Save as mentioned above, if the latest time for the acceptance of the Offers and the posting of remittances do not take effect on the date and time as stated above, the other dates mentioned above may be affected. The Offeror and the Company will notify the Independent Shareholders and the Option Holders by way of announcement(s) on any change to the expected timetable as soon as practicable.
By order of the board By order of the Board Grand Nice International Limited Culture Landmark Investment Limited Mr. Chen Weiwu Mr. Cheng Yang Sole Director Director
Hong Kong, 28 December 2016
The sole director of the Offeror accepts full responsibility for the accuracy of the information contained in this joint announcement, other than those relating to the Company and the Group, and confirms, having made all reasonable inquiries, that, to the best of his knowledge, opinions expressed in this joint announcement (other than those expressed by the Company and the Group) have been arrived at after due and careful consideration and that there are no other facts not contained in this joint announcement, the omission of which would make any statements in this joint announcement misleading.

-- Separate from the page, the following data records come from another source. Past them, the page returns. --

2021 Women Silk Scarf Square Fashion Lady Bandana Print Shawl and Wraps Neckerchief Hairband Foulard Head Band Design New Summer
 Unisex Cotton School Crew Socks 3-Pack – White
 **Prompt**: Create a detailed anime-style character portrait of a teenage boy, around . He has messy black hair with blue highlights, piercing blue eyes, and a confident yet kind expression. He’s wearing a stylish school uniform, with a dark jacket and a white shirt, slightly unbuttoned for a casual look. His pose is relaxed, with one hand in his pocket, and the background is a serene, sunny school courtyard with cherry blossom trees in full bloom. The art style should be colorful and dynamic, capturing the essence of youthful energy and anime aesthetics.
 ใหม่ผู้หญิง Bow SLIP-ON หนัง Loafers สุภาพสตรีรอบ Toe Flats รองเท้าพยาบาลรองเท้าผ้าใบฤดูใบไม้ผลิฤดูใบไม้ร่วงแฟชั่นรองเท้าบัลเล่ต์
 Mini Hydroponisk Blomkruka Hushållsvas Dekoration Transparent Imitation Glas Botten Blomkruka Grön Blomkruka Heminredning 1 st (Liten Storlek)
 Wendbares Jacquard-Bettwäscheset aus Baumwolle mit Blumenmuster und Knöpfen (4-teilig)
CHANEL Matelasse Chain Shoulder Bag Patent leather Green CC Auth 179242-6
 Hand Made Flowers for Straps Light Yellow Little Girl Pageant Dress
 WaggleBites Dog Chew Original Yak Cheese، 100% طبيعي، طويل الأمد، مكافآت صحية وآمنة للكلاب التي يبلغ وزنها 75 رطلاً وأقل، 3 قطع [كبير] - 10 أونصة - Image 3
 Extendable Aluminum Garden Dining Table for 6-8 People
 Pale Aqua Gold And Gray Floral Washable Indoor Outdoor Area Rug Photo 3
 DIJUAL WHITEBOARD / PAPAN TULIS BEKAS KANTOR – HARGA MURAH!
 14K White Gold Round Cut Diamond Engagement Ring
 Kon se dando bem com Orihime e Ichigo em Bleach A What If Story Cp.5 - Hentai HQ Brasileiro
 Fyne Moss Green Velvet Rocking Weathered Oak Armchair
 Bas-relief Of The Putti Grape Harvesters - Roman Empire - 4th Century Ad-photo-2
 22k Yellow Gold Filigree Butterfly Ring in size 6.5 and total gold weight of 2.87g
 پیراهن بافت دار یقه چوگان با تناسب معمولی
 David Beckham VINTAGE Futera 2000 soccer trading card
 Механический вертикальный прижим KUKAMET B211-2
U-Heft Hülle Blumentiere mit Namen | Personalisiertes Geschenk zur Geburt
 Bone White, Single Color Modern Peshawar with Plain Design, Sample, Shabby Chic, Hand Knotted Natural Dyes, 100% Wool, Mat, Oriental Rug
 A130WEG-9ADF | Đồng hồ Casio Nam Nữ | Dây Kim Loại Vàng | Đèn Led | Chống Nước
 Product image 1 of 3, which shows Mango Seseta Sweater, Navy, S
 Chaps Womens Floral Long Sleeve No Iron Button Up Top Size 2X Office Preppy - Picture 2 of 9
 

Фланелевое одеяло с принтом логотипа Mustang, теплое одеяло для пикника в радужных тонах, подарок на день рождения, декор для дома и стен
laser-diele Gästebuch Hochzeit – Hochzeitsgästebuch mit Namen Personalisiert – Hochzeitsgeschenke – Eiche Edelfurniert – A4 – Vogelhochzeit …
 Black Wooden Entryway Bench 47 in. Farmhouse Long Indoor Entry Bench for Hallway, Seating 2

The Directors jointly and severally accept full responsibility for the accuracy of the information contained in this joint announcement, other than those relating to the Offeror and parties acting in concert with it, and confirm, having made all reasonable inquiries, that, to the best of their knowledge, opinions expressed in this joint announcement (other than those expressed by the Offeror and parties acting in concert with it) have been arrived at after due and careful consideration and that there are no other facts not contained in this joint announcement, the omission of which would make any statements in this joint announcement misleading.
As at the date of this joint announcement, the sole director of the Offeror is Mr. Chen Weiwu.
As at the date of this joint announcement, the executive Directors are Mr. Cheng Yang, Ms. Lei Lei, Mr. Chen Weiwu (Chairman), Mr. Chen Gengxian, Mr. Chen Songbin and Mr. Zhou Houjie; and the independent non-executive Directors are Mr. Tong Jingguo, Mr. Yang Rusheng, Mr. Chen Youchun and Mr. Chan Chein Kwong William.